Una acusación así presenta al sistema institucional un doble desafío. Existe la primordial necesidad de atender con el mayor rigor posible el derecho de la denunciante, y por otro lado, la justicia debe ser ciega a la hora de evaluar los hechos, con vistas a preservar bienes sagrados como la libertad y la integridad de las personas.
Ráfagas de comprensible indignación pueden arrasar por estas horas con la imagen de un acusado, sea éste inocente o el más abominable de los victimarios. En cualquier caso toda persona tiene derecho a ejercer su defensa en debido proceso y el sistema está obligado a prevenirse de distorsiones de opinión pública. Está convenido que nadie es culpable si no se demuestra lo contrario... en sede judicial y con sentencia firme.
“Ninguno de los miembros del Congreso puede ser acusado, interrogado judicialmente, ni molestado por las opiniones o discursos que emita desempeñando su mandato de legislador”, dice el artículo 68 de la Constitución Nacional. No hace falta un fallo jurídico para verificar que la Carta Magna es sistemáticamente violada por aquellos legisladores que abusan de ese precepto constitucional, para garantizarse la impunidad penal con la que es travestida la inmunidad legislativa.
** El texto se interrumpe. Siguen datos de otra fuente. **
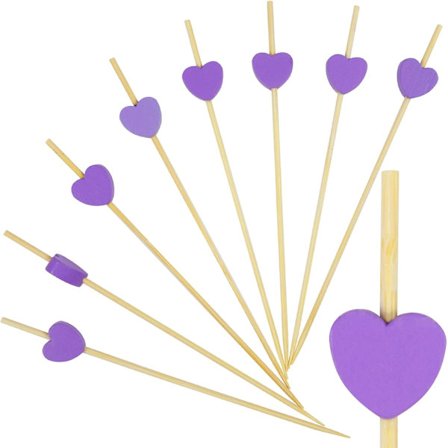 100 Hjerteformede Cocktailpinde Cocktail Sticks Naturlige Bambus Cocktailpind Pinde Håndlavede Cocktailpinde Sandwich Appetizer Pinde til Bryllup 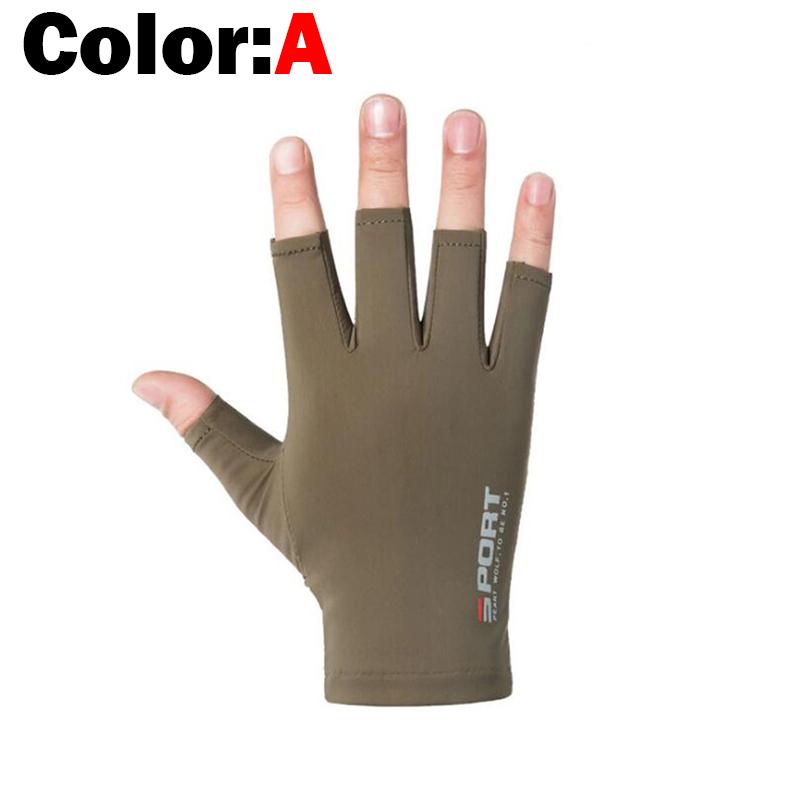 1 OUTKIT 1 Pair Fishing Gloves Men Half Fingers Ice Silk Gloves Outdoor Summer Sunscreen Non-slip Gloves Sunscreen Free Size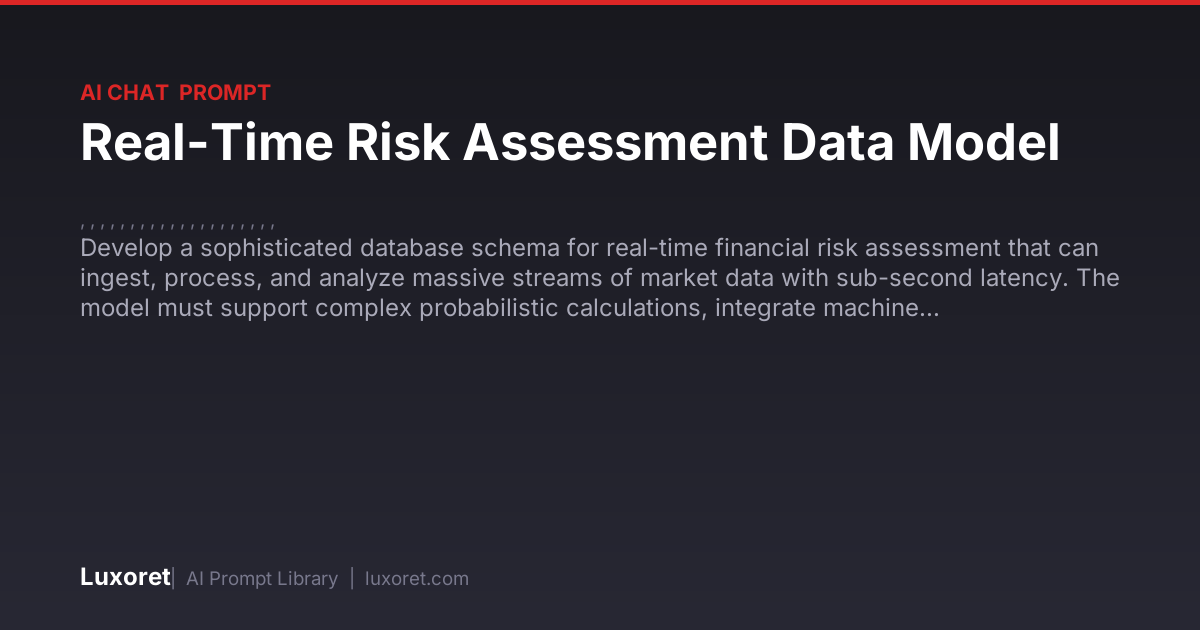 Real-Time Risk Assessment Data Model — Ai Chat Prompt | Luxoret
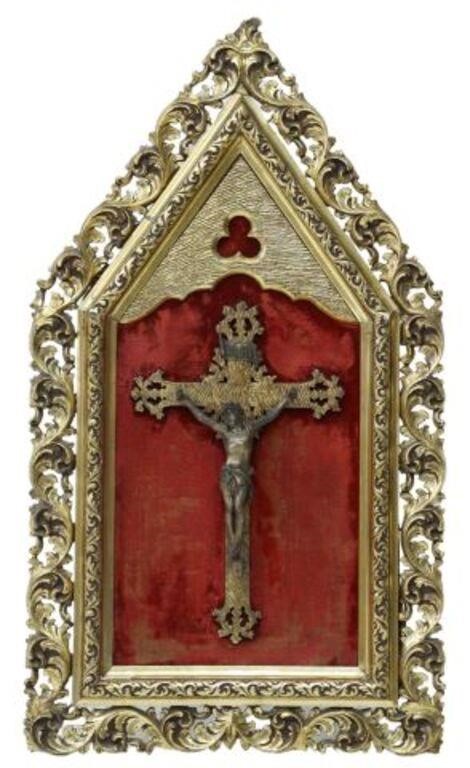 Appraisal: Framed Gothic Revival crucifix gilt foliate scroll frame worn fabric-clad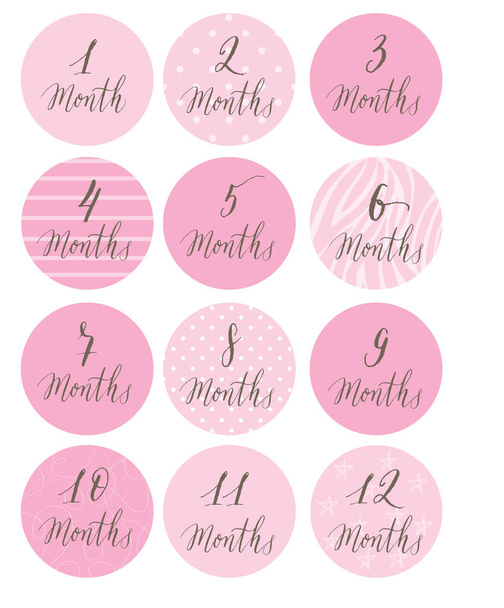 Etiquetas redondas para niños desde el nacimiento hasta los 12 meses del vector
. - Vector, imagen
No fue el protocolo de género sino la conveniencia política lo que le concedió a José Alperovich los 180 días de licencia. “Sin goce de sueldo”, como si eso untara de legitimidad moral a la decisión del cuerpo legislativo. El tucumano ha argumentado que él es la “víctima” de una “infamia”. La carta abierta de su sobrina relata aberraciones que abruman y obligan, no sólo en términos de creencias de género. No es ésta una cuestión que deba reducirse a la fe de mujeres que creen a las mujeres, sólo por su condición de tales.
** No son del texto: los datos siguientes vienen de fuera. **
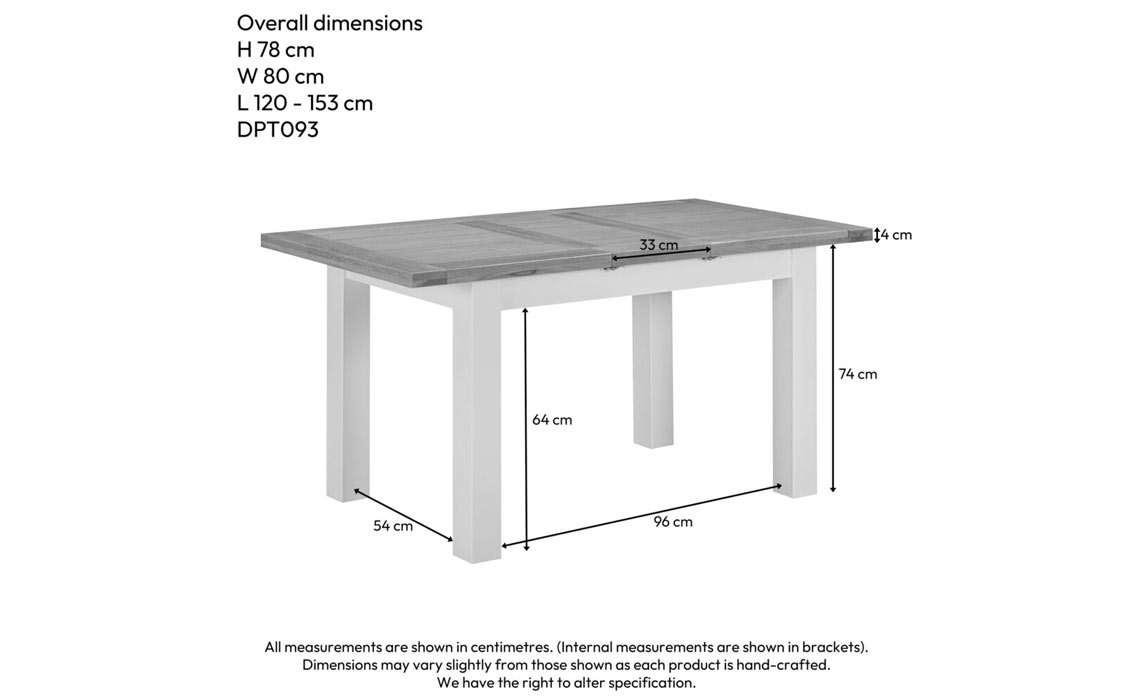 Lavenham Painted Small Extending Dining Table 120-153cm 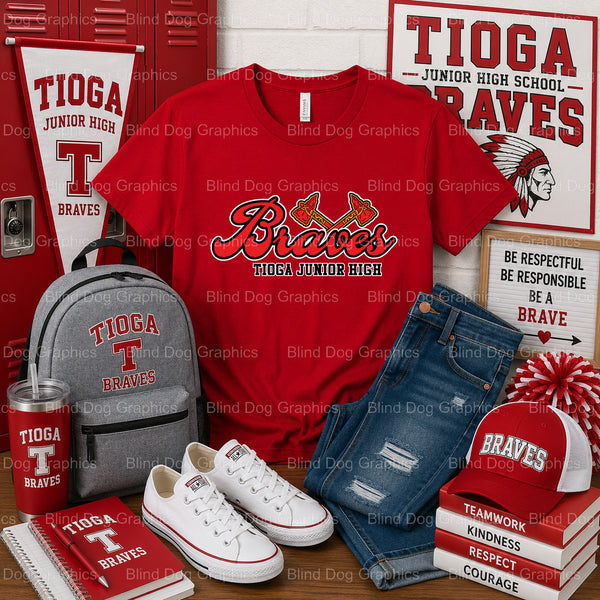 TIOGA JUNIOR HIGH SCHOOL BRAVES Feather Arrow Design – Tioga Junior High School Premade DTF Transfer (view 1 of 2) – by Bl...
¿Qué pasará dentro de seis meses? La Cámara de Senadores no desconoce los tiempos que demanda la acción judicial, en particular contra un senador nacional, protagonista de soberbias demostraciones de poder político feudal.
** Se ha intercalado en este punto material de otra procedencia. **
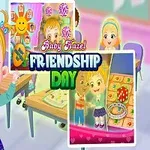 Malé dítě s radostným výrazem v herním prostředí, s nápisem Friendship Day v popředí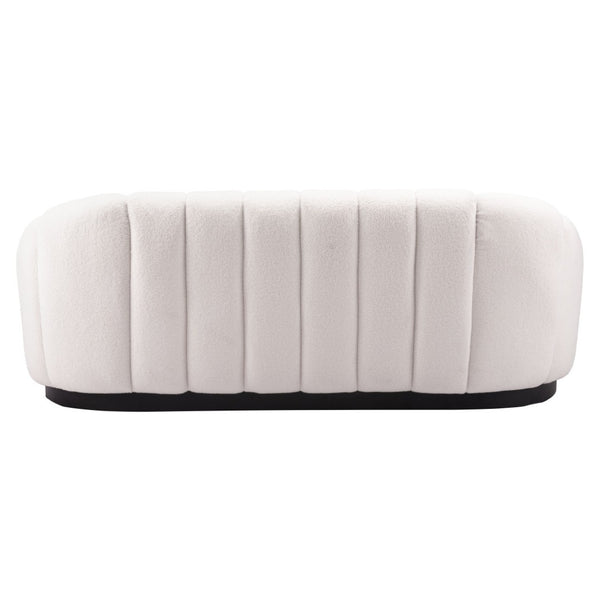 HomeRoots 85" Cream Polyester Sofa - Contemporary Elegance for Your Living Room, Durable & Comfortable Design 557022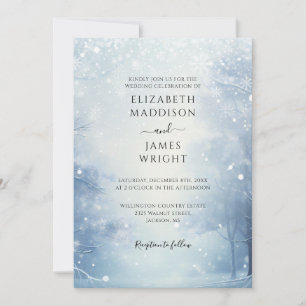 Winter Wonderland Forest QR Code Hochzeit Einladung
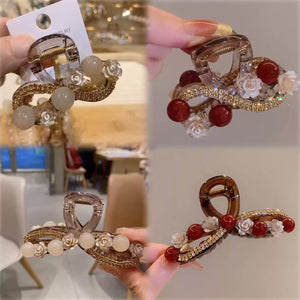 Water Diamond Camellia Bead Gripper Women's 2025 New Style Light Luxury Premium Design Hair Clip, Back of the Head Coiled Hair Ornament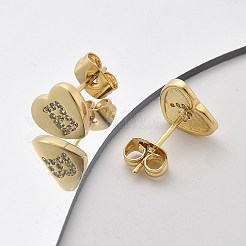 Orecchini a bottone con micro pavé di zirconi chiari in ottone placcato cremagliera&nbsp;EJEW-K299-01G-B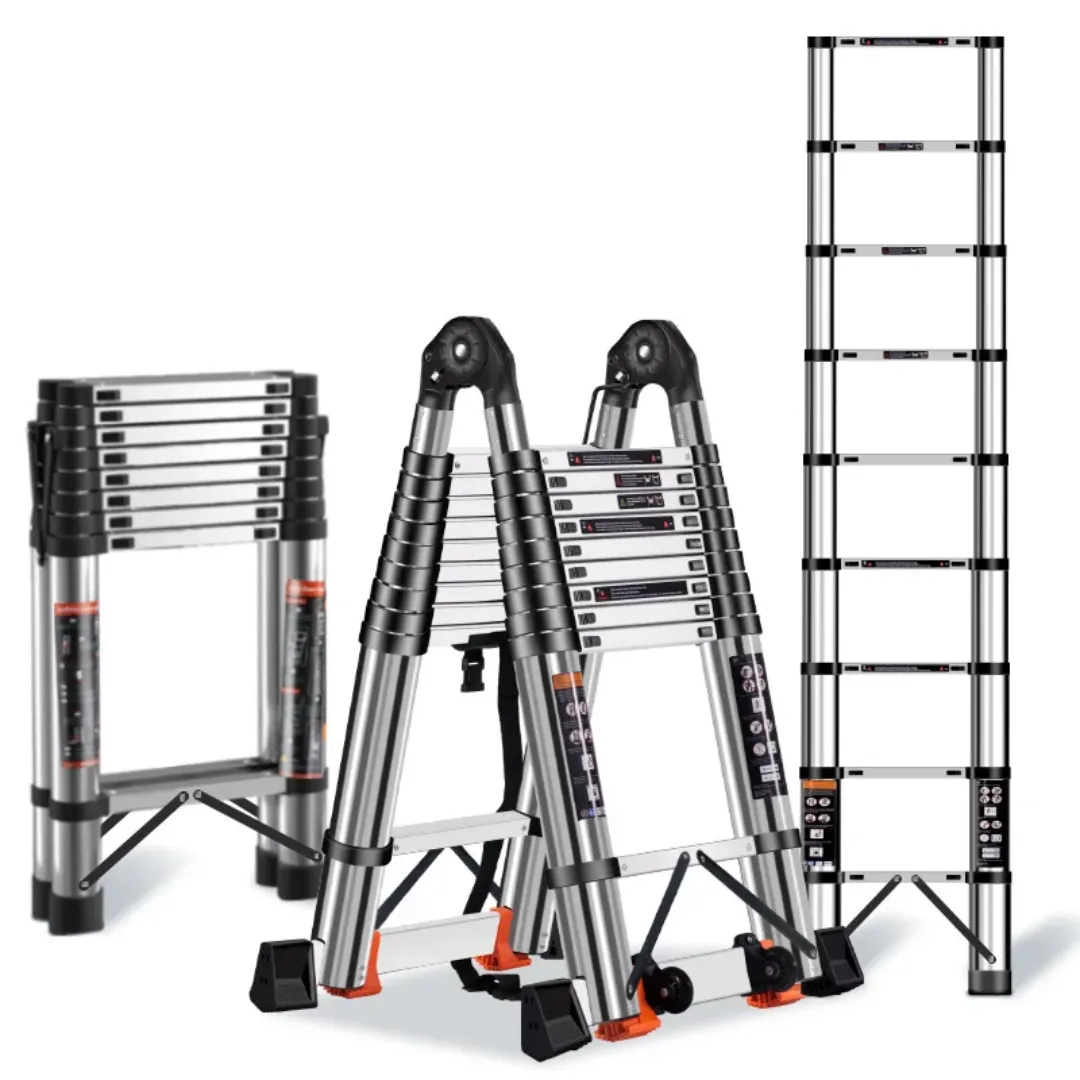 Échelle Télescopique en Aluminium 5M – Pliable, Sécurisée et Facile à Transporter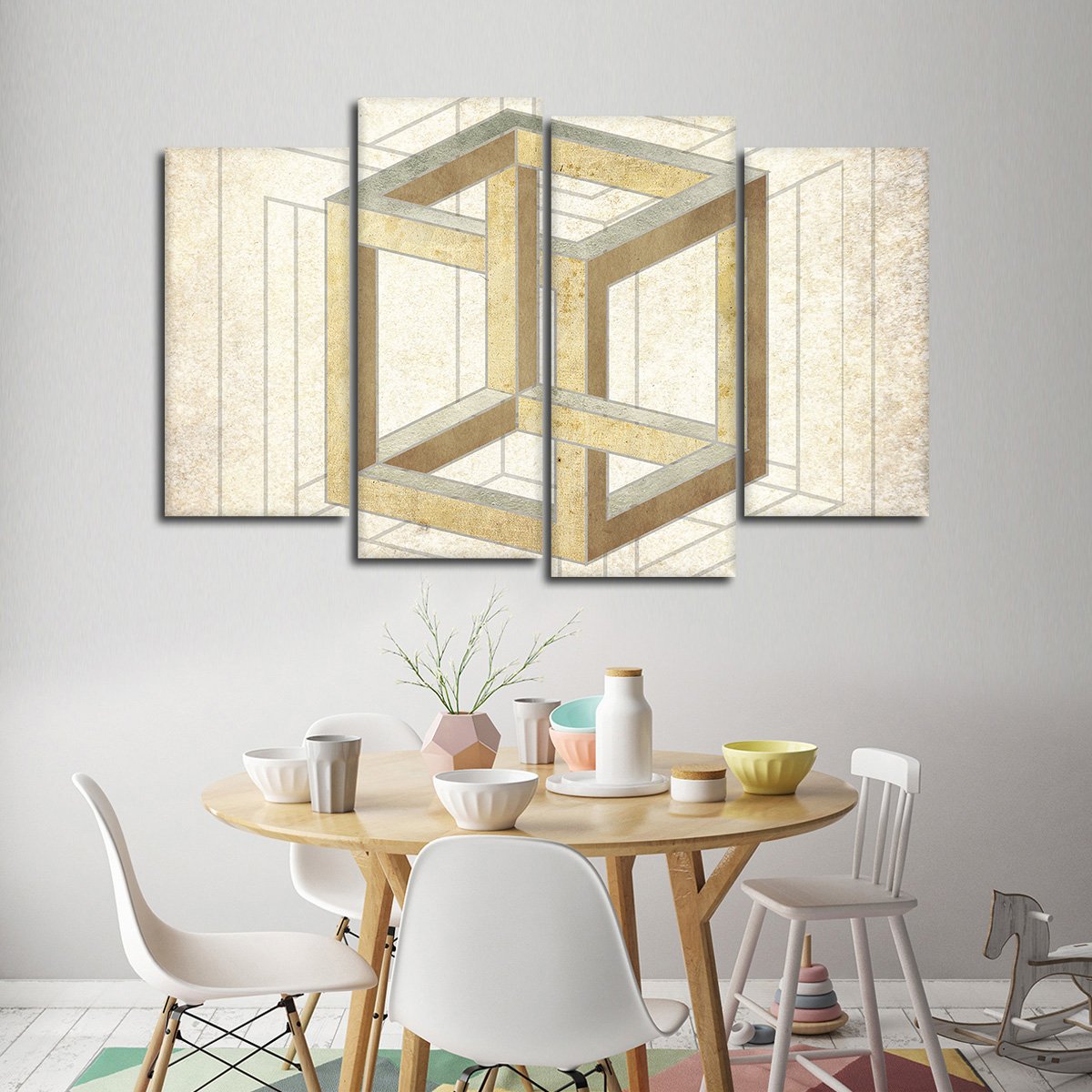 Cream Cube Illusion Multi Panel Canvas Wall Art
Los acusados con procesos penales avanzados y con bancas en el Senado no son famosos por pedir celeridad procesal; todo lo contrario. Es parte indispensable del artilugio de la llamada doctrina Pichetto, que permite a quien voló un pueblo o traficó armas siendo presidente de la Nación, seguir ejerciendo en el Honorable cuerpo. Apenas un ejemplo entre otros.
Sobran las presentaciones invocando la Convención Americana sobre Derechos Humanos para reclamar por abusos en la prisión preventiva. Se levantan las voces -en la oportunidad del momento- por una Navidad sin presos políticos. El Papa acusa al “law fare”... pero ¿alguien reclamó invocando el Pacto Internacional de Derechos Civiles y Políticos, para ser juzgado sin dilaciones indebidas?
Quien se “autopercibe” culpable en su íntima conciencia, no pide justicia sino que ensaya chicanas procesales.
La acusación a José Alperovich es de violación como delito de instancia privada. Y conlleva una imputación a la política, que viola el más elemental sentido de justicia, sometida con la deliberada complicidad de tiempos procesales diseñados como el horizonte: están a simple vista, pero nunca se alcanzan.